Stock Hedges Are Misfiring

Many of the hedging strategies that worked in previous bear markets are misfiring in this one, contends an article in Bloomberg. Buying the dip, taking refuge in megacaps, betting on a Fed pivot, and purchasing crash insurance are all things that have been winning approaches in previous equity bear markets—such as in 2020—and are now failing.



Indeed, after the S&P 500 fell 2.5% following Fed Chair Jerome Powell’s hawkish statement, the Cboe Volatility Index (the VIX) was essentially flat, meaning investors who bet on increased volatility didn’t have success. And the Cboe S&P 500 5% Put Protection Index, which follows a strategy that uses a month 5% “out-of-the-money puts as a hedge” while holding “a long position on the equity gauge” fell 20%, as opposed to the 2.2% it returned in March 2020. The lack of certainty with hedge strategies that have outperformed in the past is causing immense frustration on Wall Street, according to the article. And unlike in 2020, this year’s market has been jarred by rallies that go against the trend, elongating the pain into the second-slowest bear market since the 1980s. That slow-motion selloff, combined with the rapidity in which the market changed from a high-flying bull market at the beginning of the year to the current bear, is one reason why so many hedge strategies are failing to work now.

But many ETFs that utilize some of these losing hedges are still seeing inflows this year; the Simplify U.S. Equity PLUS Downside Convexity ETF, which has passive exposure to the S&P 500 and is down 25% so far this year, has had inflows of $30 million. Paul Kim of Simplify Asset Management told Bloomberg that the ETF is “working as intended because we haven’t seen the follow-through and sharp selloff the strategy is designed to protect against.” And rapid reversals have been a hallmark of this market; the 10-month bear in the S&P 500 has also had 7 rallies of at least 5% and erased 1% of intraday gains or losses at least 26 times during those months. Even with all that volatility, indexes like the VIX have been relatively muted, and that could be because investors did actually predict inflation trouble was brewing at the end of last year. Amidst those concerns, money managers had the forethought to slash equity exposure, the article explains.
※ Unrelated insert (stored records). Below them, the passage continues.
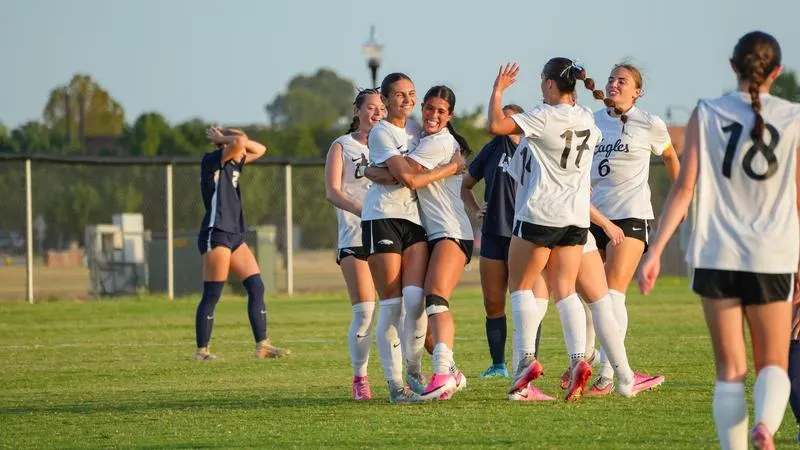 Munson's Goal, Wooten's Clean Sheet, Earn Eagles First Conference Win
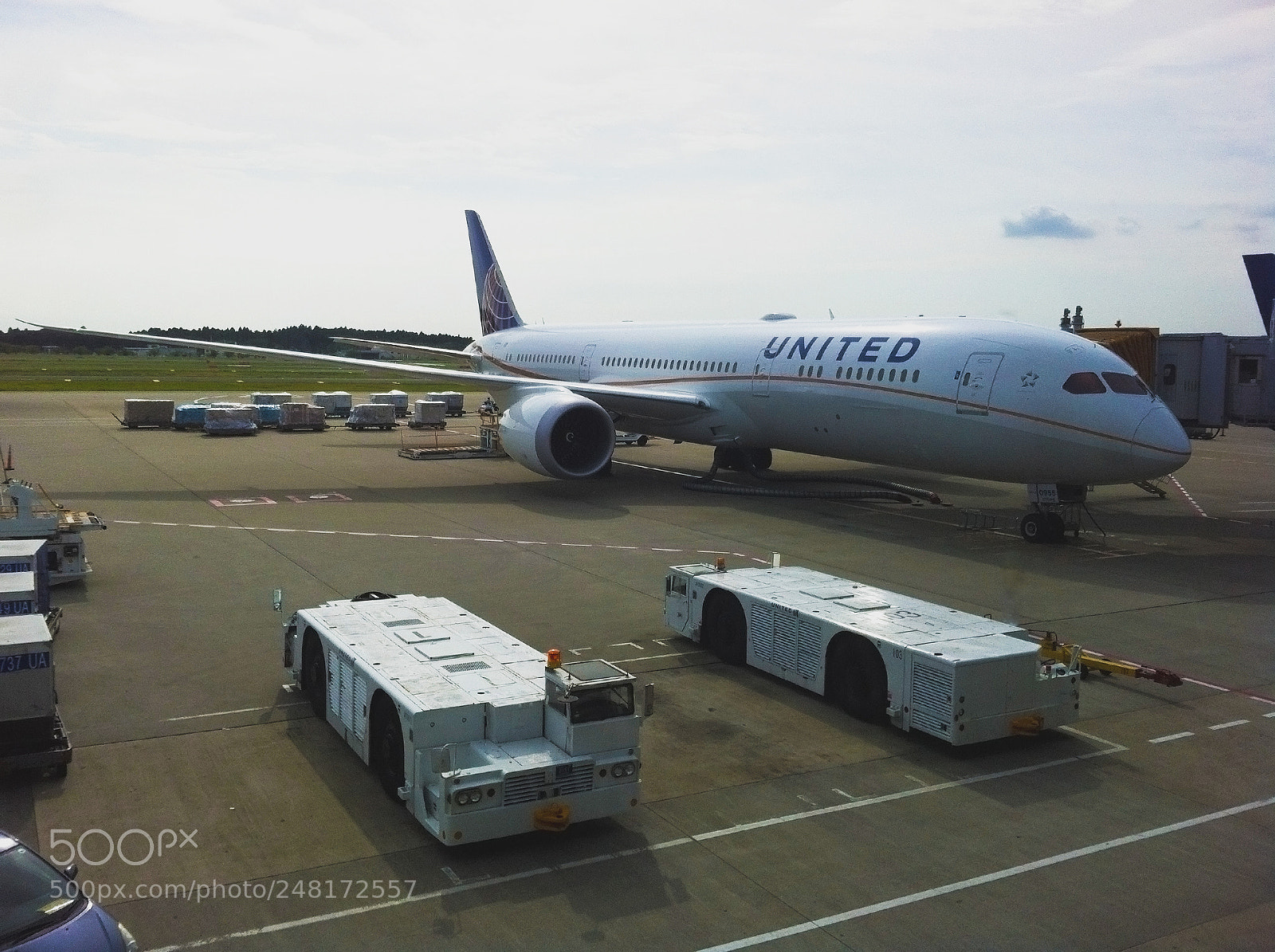 Apple iPhone 4 sample photo. United 787 parked outside photography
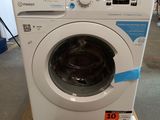 une machine à laver posée sur une palette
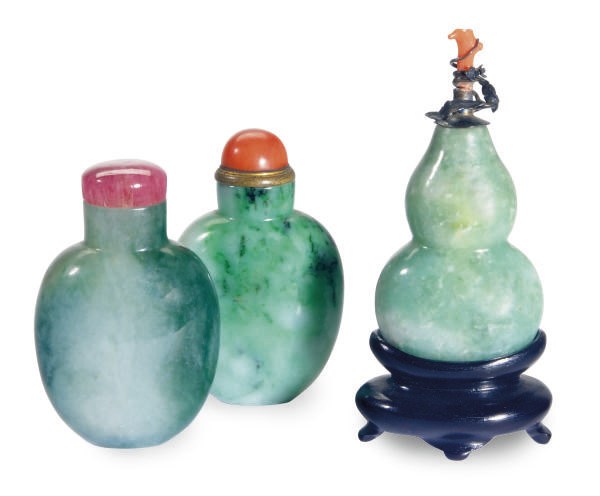 THREE CHINESE JADEITE SNUFF BOTTLES,**
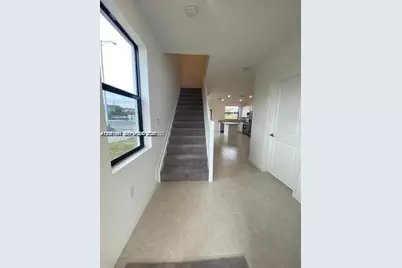 575 NE 208th Ter #575, Miami, FL 33179 - Photo 4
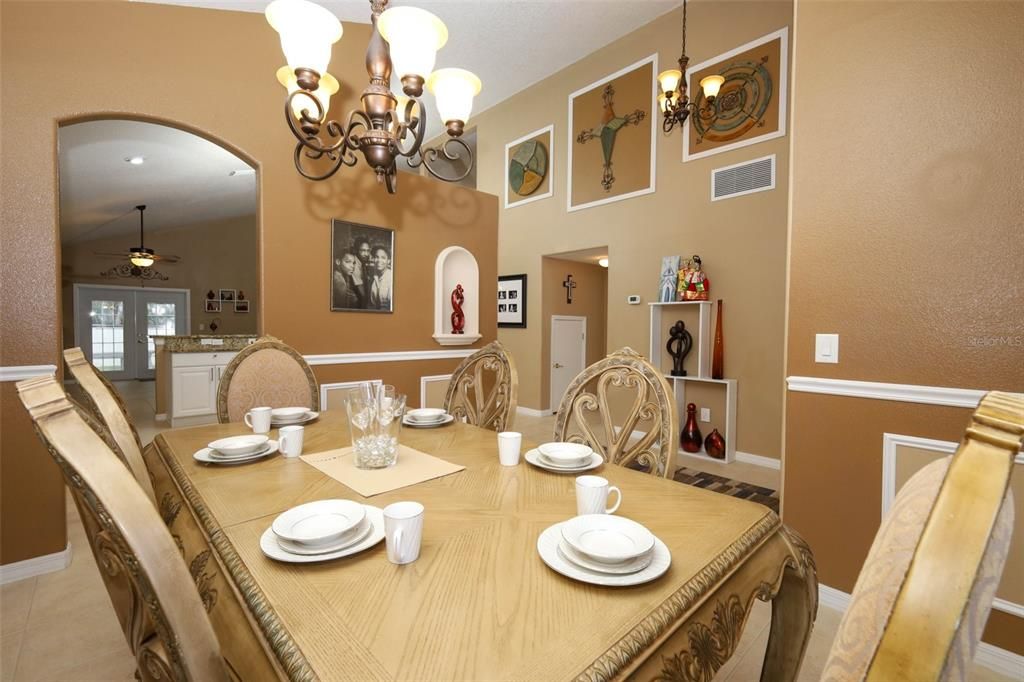 En Venta: $425,000 (4 camas, 2 baños, 2573 Pies cuadrados)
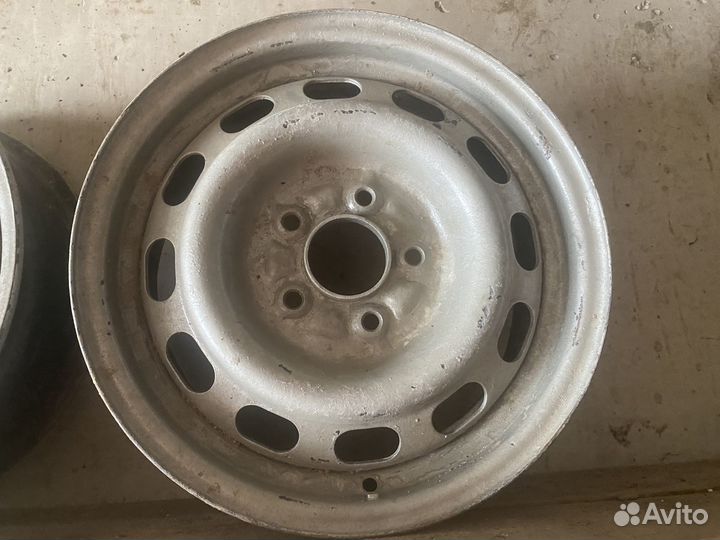 Штампованные диски r15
And because everyone was prepared for dizzying crash, and got a slow, downward spiral instead, many of the protective options that would’ve worked in a steeper crash have failed. That shift can be seen in the sensitivity of the implied volatility gauge in connection with the motion of underlining shares. Such a gauge surged at the end of last year, and is now at its lowest point in the last 10 years. That indicates that the options once relied on during fast-changing markets aren’t working during this equity rout. And those who tried to repeat past successes didn’t do well, Benn Eifert of QVR Advisors told Bloomberg, adding, “You look at the last really big bad thing and think it could happen. And usually the last bad thing that happened isn’t going to be that much like the next bad thing to happen.”